Noob here and I just started delving into this fascinating rabbit hole of speech. Is there a way to get Rhasspy to pronounce ordinal numbers? I’m currently using the default Larynx and trying to get it to pronounce dates. I can get HA to return ordinal strings like ‘1st’ and ‘2nd’, but Larynx doesn’t appear to understand those. It just attempts to pronounce the st, which is ironically similar to it blowing a raspberry at me. Is there a way to train custom words or at least ordinal pronunciations?
Is it more of a “THPPTPHTPHPHHPH” than a “PFFT”? “Pffthweep” often needs checking, but likely ordinals where missing from the dataset it was trained on?
I would say more of a ‘pffst’ I suppose. You can put ‘1st’, ‘2nd’, etc. in the speak line as a test and it does the same thing. I don’t know nearly enough about this stuff to say for sure, but I’m guessing it wasn’t in the dataset?
Would it be possible to add it to the default training dataset?
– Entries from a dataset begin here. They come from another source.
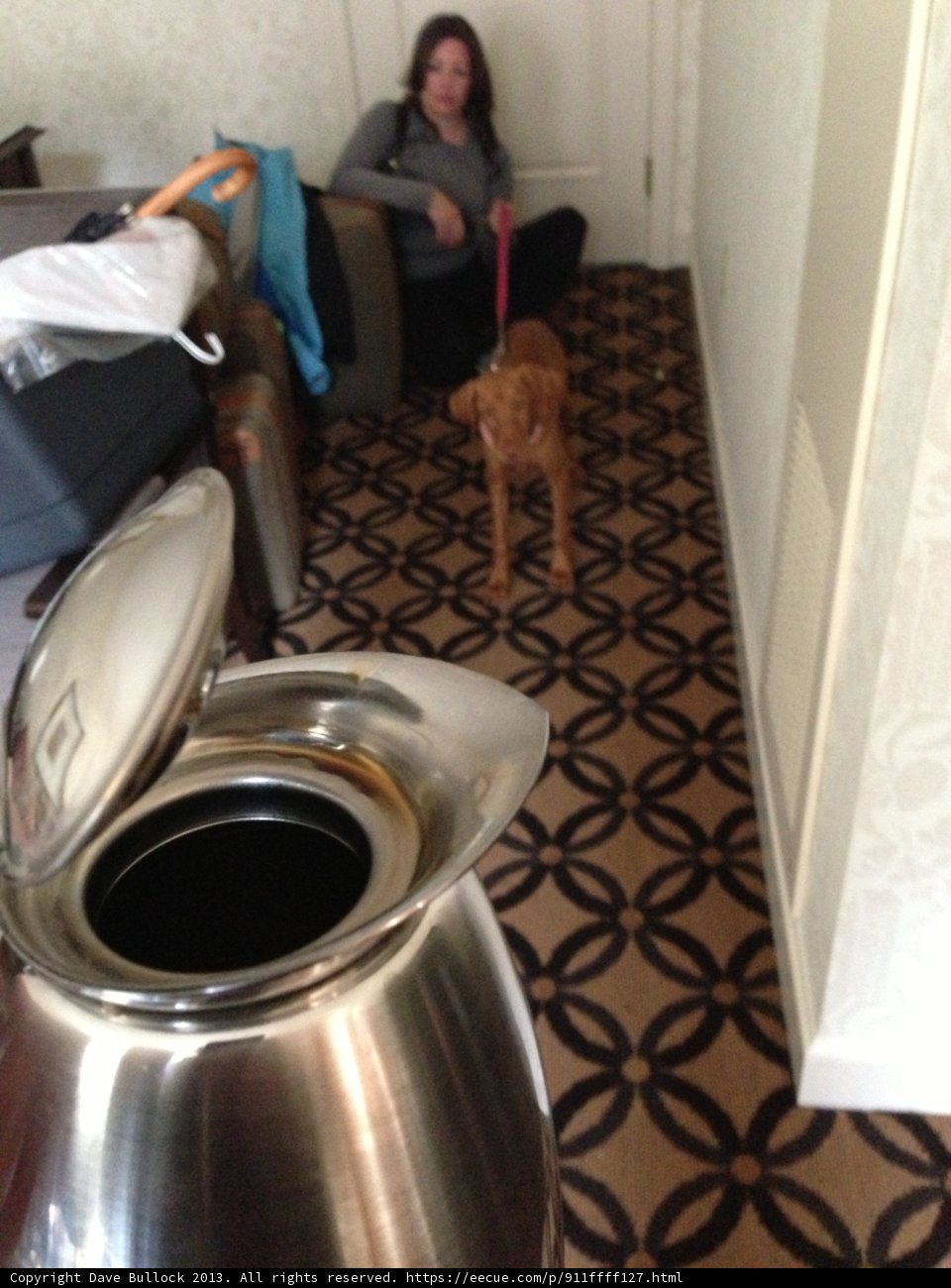 Morning Coffee with Fido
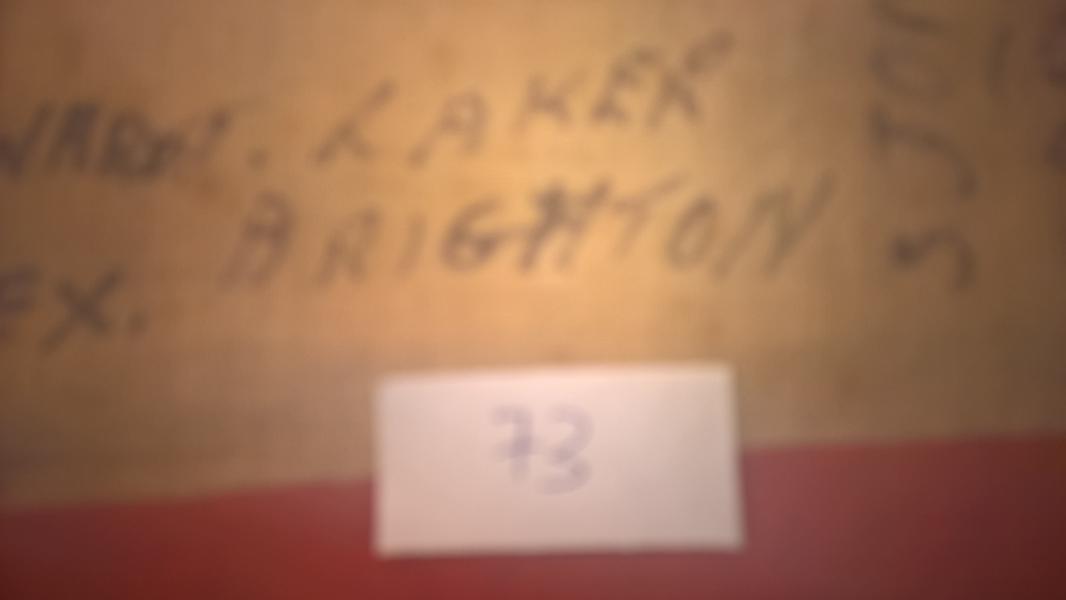 73 - T Laker - Brighton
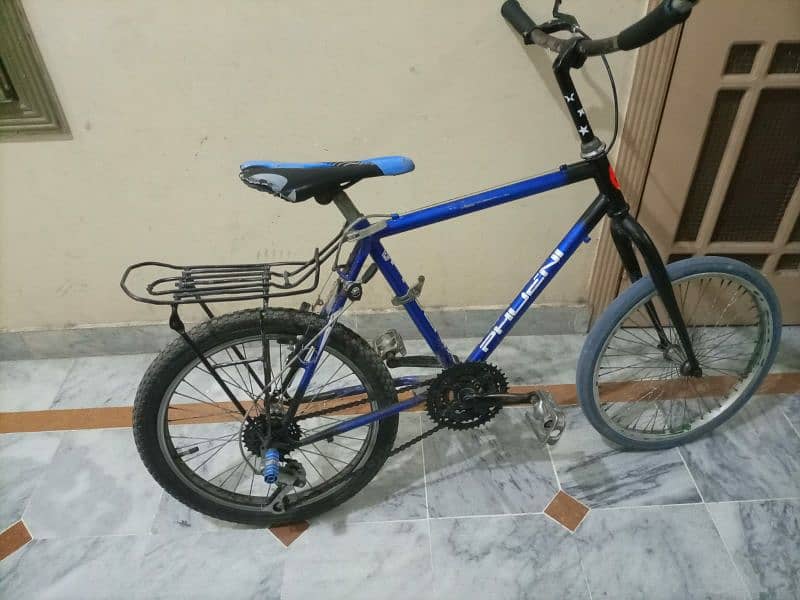 Phoenix bicycle 5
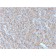 CD63 (Late Endosomes Marker)(LAMP3/2790), CF740 conjugate, 0.1mg/mL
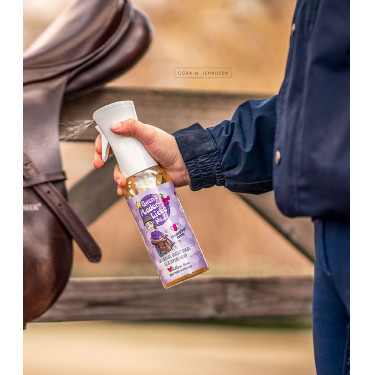 Limpador de couro equestre 500ml – Soulhorse No.2 Limpador de couro equestre 500ml – Soulhorse No.2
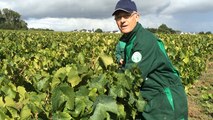 Le Malvoisie lance les vendanges des Coteaux d'Ancenis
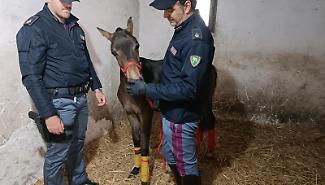 Catania, il fantino alla guida di un calesse scortato da un gruppo di scooter porta alla stalla abusiva e al cavallo senza microchip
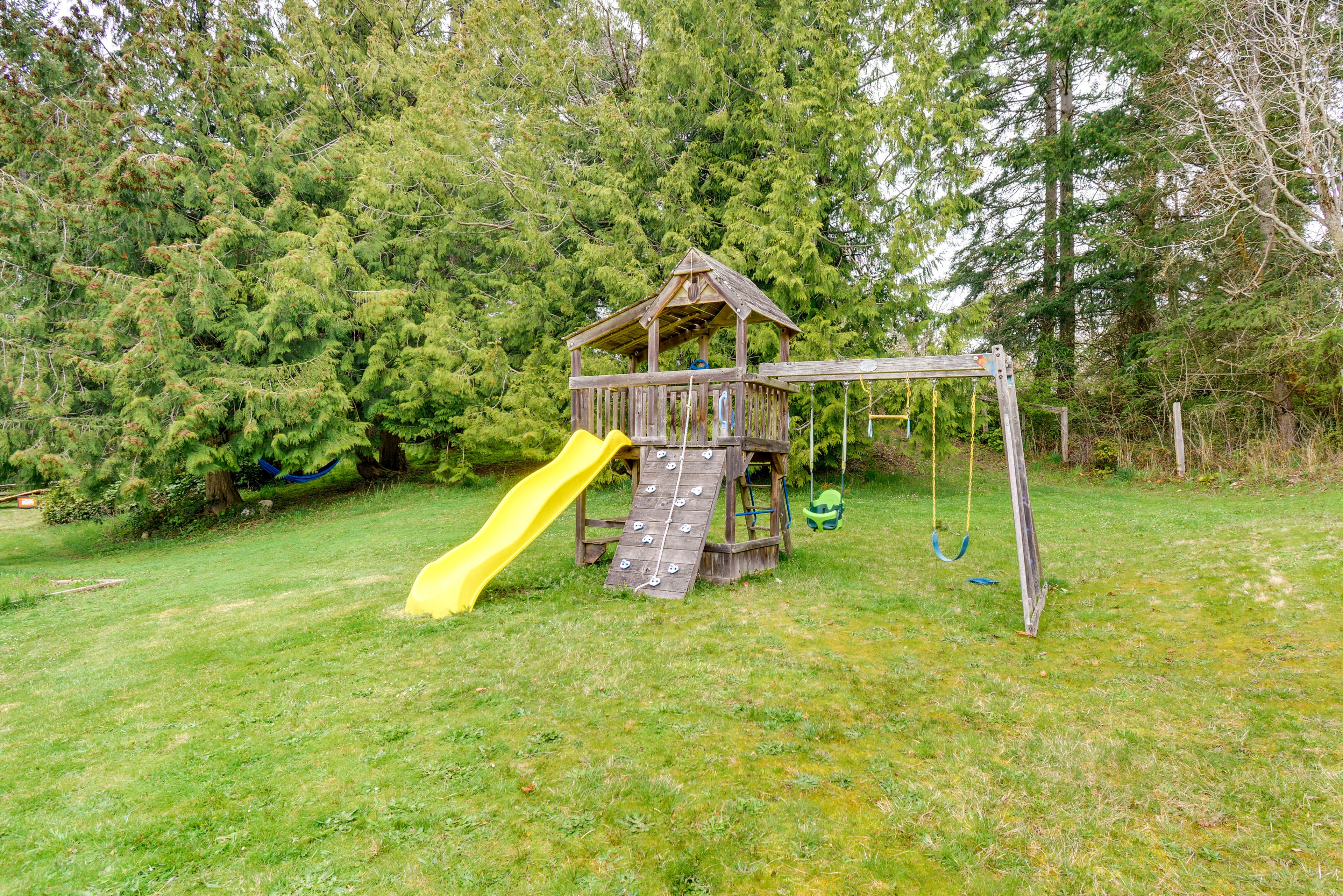 Image 25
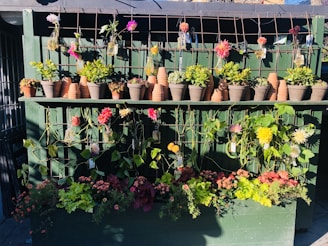 A wooden display features a variety of potted plants and flowers. The structure is painted green and has a grid-like trellis with glass jars holding vibrant flowers. There are terracotta pots arranged neatly at the top, with an assortment of lush greenery and colorful blossoms displayed below.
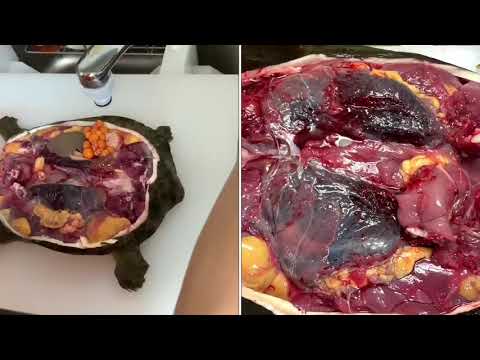 スッポンのさばき方 グロ注意 おろし方 津本式究極の血抜き寿司屋の板長が教えるsoftshell Turtle Youtube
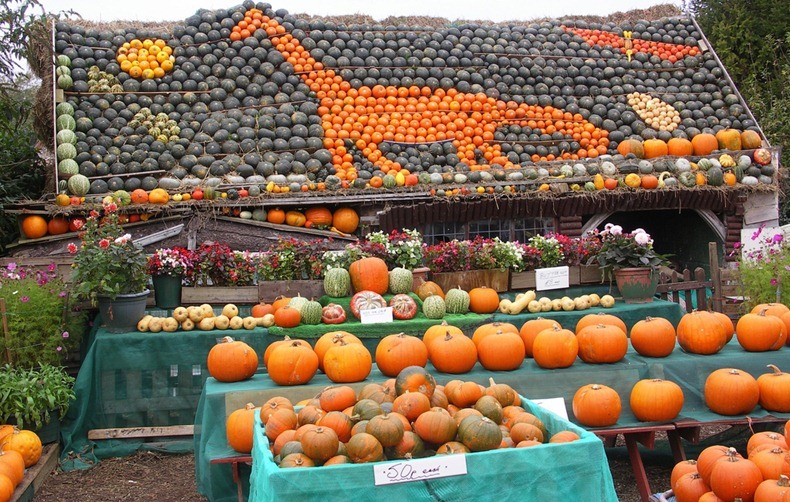 slindon-pumpkin-festival-2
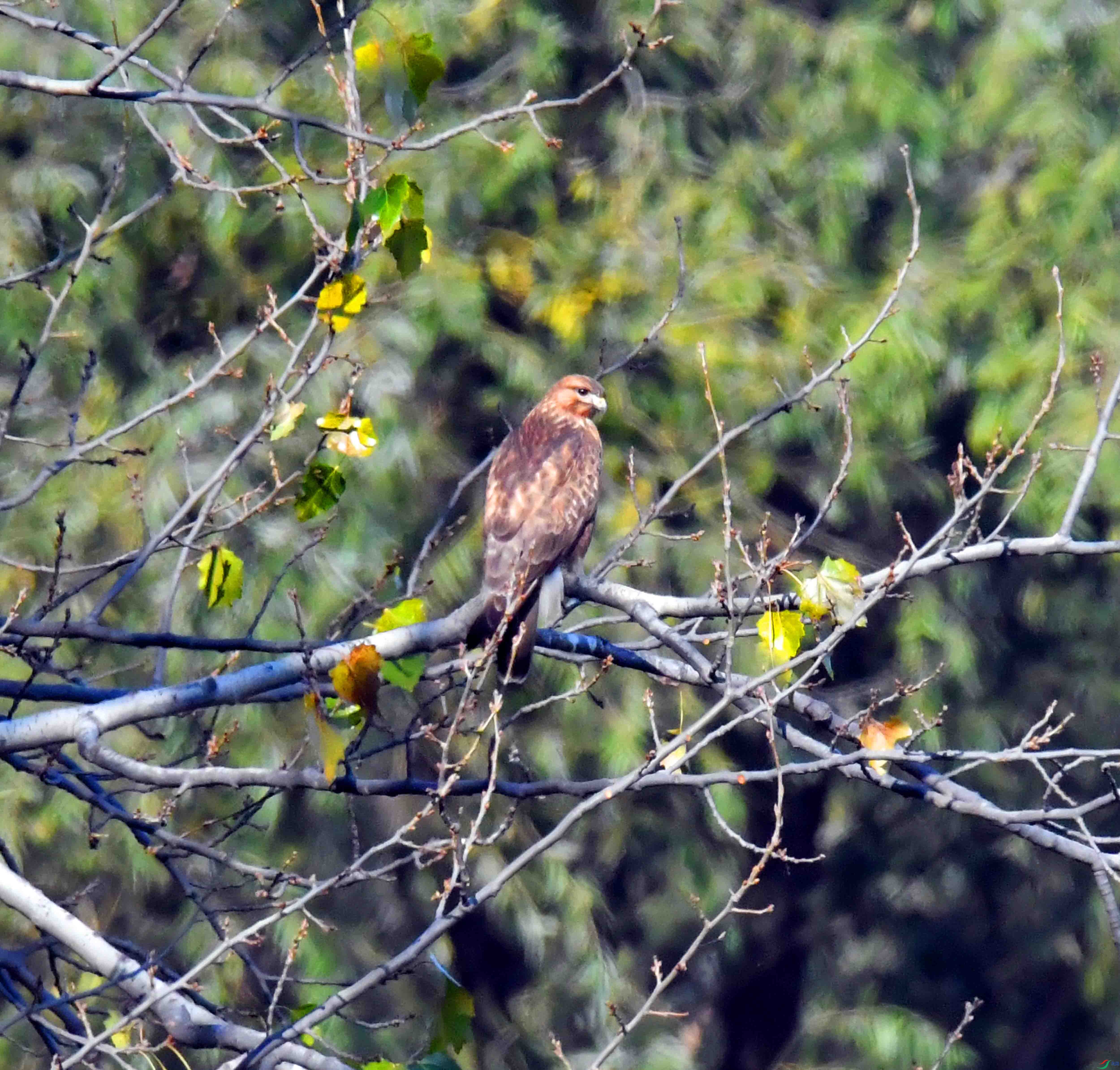 DSC_4446.JPG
Should I raise a feature request for that?
If I remember right Larynx is a refactored WaveGlow | PyTorch
I think its purely on the dataset DeepLearningExamples/PyTorch/SpeechSynthesis/Tacotron2 at master · NVIDIA/DeepLearningExamples · GitHub
Runs on Onnx but doesn’t seem to be quantised GitHub - rhasspy/larynx: End to end text to speech system using gruut and onnx
Says custom lexicons are not supported
but you can (you can use
Haven’t looked to what that means, its prob Gruut GitHub - rhasspy/gruut: A tokenizer, text cleaner, and phonemizer for many human languages. as that is the tokenizer, text cleaner, and IPA phonemizer for several human languages that supports SSML that doesn’t seem to be handling ordinals.